On the topic of bureaucracy, they can basically be seen as individuals who produce nothing and simply eat food and take a same-share of income.  That is, they are like people who have 0% productivity yet still take a full income and therefore cause a welfare-tax on productivity equal to a single person-cycle per bureaucrat.  However, that is not to say they are not necessary but that it is easier to model them mathematical as such.  It is fun to look at it this way but perhaps actually somewhat inaccurate.

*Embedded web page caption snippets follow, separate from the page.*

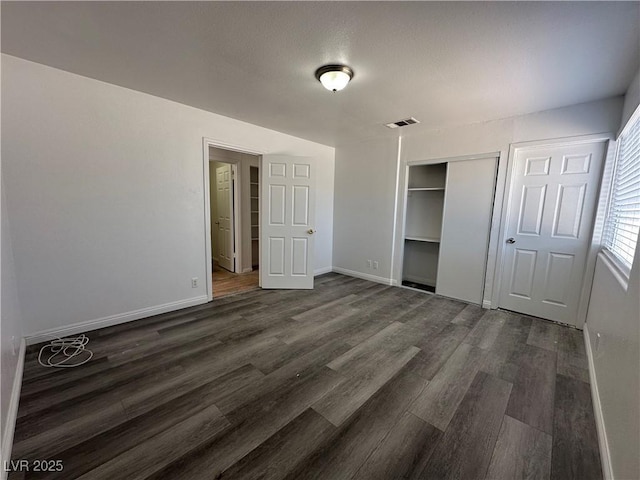 6905 Singing Dunes Ln, Las Vegas, NV 89145 - unfurnished bedroom with dark wood-style flooring, baseboards, and a closet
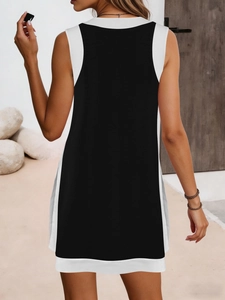 Back view of a sleeveless two-piece jumpsuit featuring black and white contrast stitching
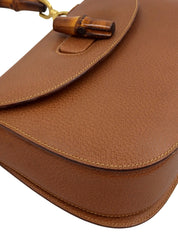 棕色猪皮竹制两用包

Alternatively, we can view their output as "administration" and a certain amount of "administration" is required to redistribute goods and run projects.  Then we can adjust their income in the same way as other workers.  If they are not good administrators, they are paid less, if they are excellent administrators they are paid more.  This would be a more accurate and fair reflection of the administration industry (ie. government).

For example:

Bureaucrat: Requires 40 education, produces 100 administration per cycle, average life span of 100 cycles

Therefore...

Bureaucrat: 6000 administration, -40 education

And so, a bureaucrat who produces at 150% per cycle (Which means that after education is finished, they produce at a rate of 150 administration per cycle... or 60 administration on average per cycle across their lifetime) would receive 150% income.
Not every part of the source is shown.